• WHAT NEEDS TO BE DONE:
Set down, exactly and only, everything from the line containing "Беговая дорожка Unixfit MX-830L" down to the line containing "временная регистрация поиск в Зернограде" in the data below; the pictures are not part of the copy.

• SUPPLIED DATA:
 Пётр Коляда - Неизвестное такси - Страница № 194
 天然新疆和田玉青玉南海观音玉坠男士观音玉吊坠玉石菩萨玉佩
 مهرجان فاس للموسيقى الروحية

* * *

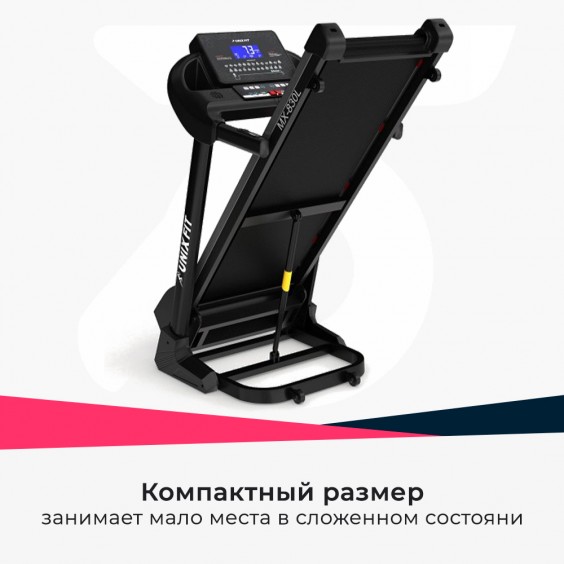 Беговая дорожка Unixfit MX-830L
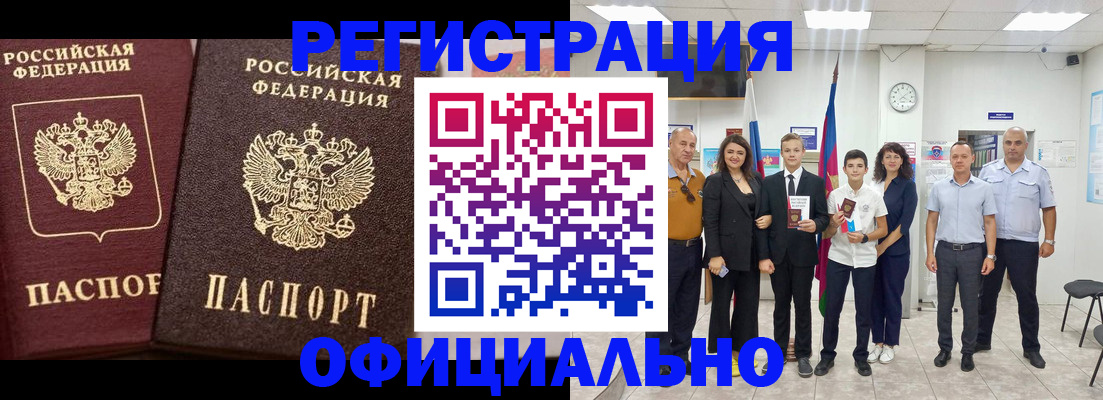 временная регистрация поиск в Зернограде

• EXERCISE RESPONSE:
 Беговая дорожка Unixfit MX-830L
 временная регистрация поиск в Зернограде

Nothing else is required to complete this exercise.